We are awarding a monetary prize and a complimentary copy of Volume One to the reader who submits the best feedback on a piece appearing in each issue of The Summerset Review. Runners-up receive complimentary copies. For information on how to submit your feedback, see our Guidelines page.
For the Spring 2008 issue, we awarded $150. For the Summer 2008 issue, we awarded $100.
For the current issue - running now through December 1st, 2008 - the prize money is again set at $100.
Award winner for the Summer 2008 issue:
Tanaz Bhathena of Mississauga, Ontario, Canada
LuAnn Schindler of Ewing, Nebraska
|We want to thank all those of you who submitted entries. We recognize the investment you've made to read our publication and write to us. We sincerely appreciate the interest.|
Tanaz writes about Joe Ponepinto's "The Art of Waiting" -
The conflict between the narrator and Mueller reminded me of certain instances in my own life: trying to please an anal professor in college, attempting to create the perfect sales pitch for a nit-picky customer. But that was only on the surface.

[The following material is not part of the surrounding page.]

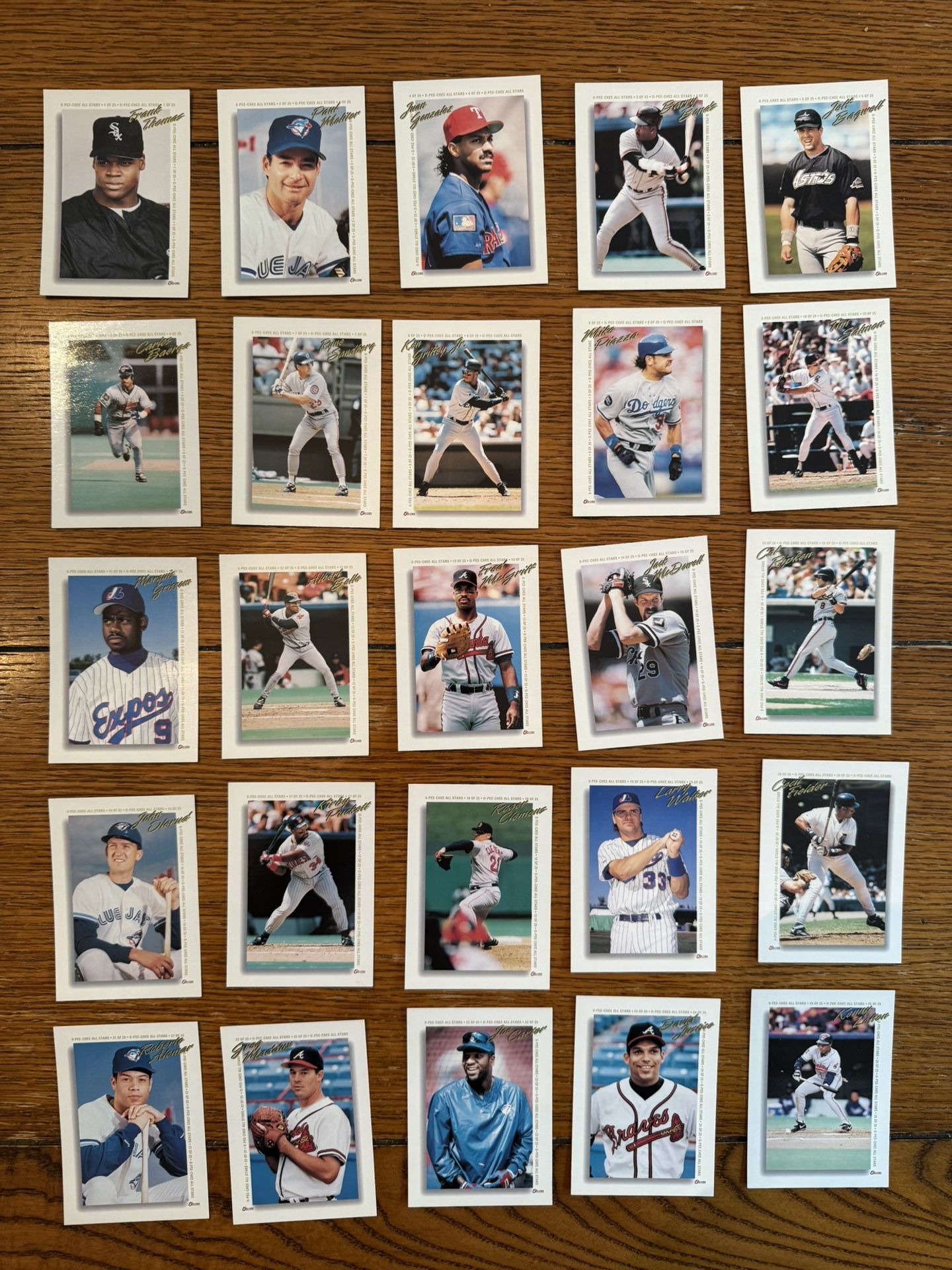 1994 O-Pee-Chee BASEBALL ALL STARS INSERT 25 Card Set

On a deeper level, it reminded me of a Buddhist theory called Pratityasamutpada, or "dependent co-arising." In layman's terms, it means that everything in the universe is created by a never-ending chain of cause and effect. Everyone and everything is interdependent. The smallest of creatures in the world have a purpose; the most unskilled jobs can be important when one looks at the big picture. Perhaps you may call this common sense, and indeed it is true that many of us have heard of a similar theory from different sources.

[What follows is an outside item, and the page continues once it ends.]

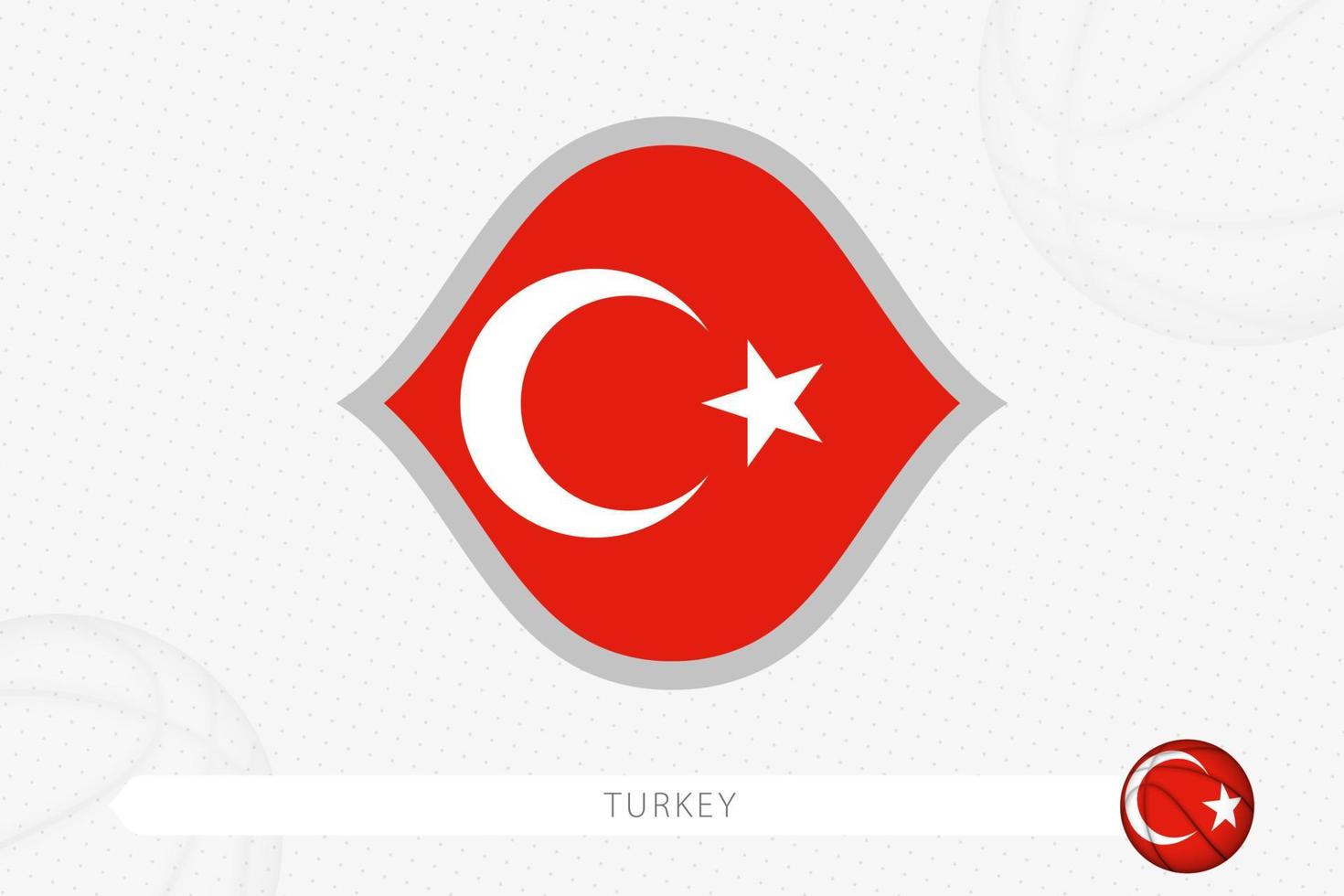 Turkey flag for basketball competition on gray basketball background. vector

But how many of us have realized and accepted this very simple thing in life? Very few. For many, including myself, shame and ego come in the way. The idea of a job being even close to menial, is embarrassing.

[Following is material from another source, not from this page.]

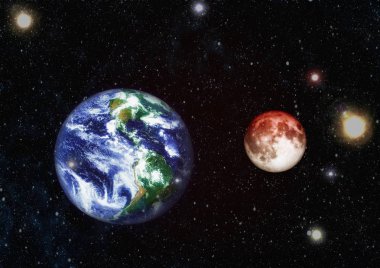 Güzel dünya ve kırmızı ay - bu görüntü bir şekilde döşenmiş tarafından Nasa unsurları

The narrator's transformation in this story, from an embittered artist to a complacent waiter, is inspiring. Unlike the sharp flash of enlightenment common to practitioners of Zen Buddhism, the narrator's nirvana is more subtle – more like the delicate clink of a pair of wine glasses than the hard smack of a bamboo on one's spine. However, as a reader, I thought the effect was just as powerful.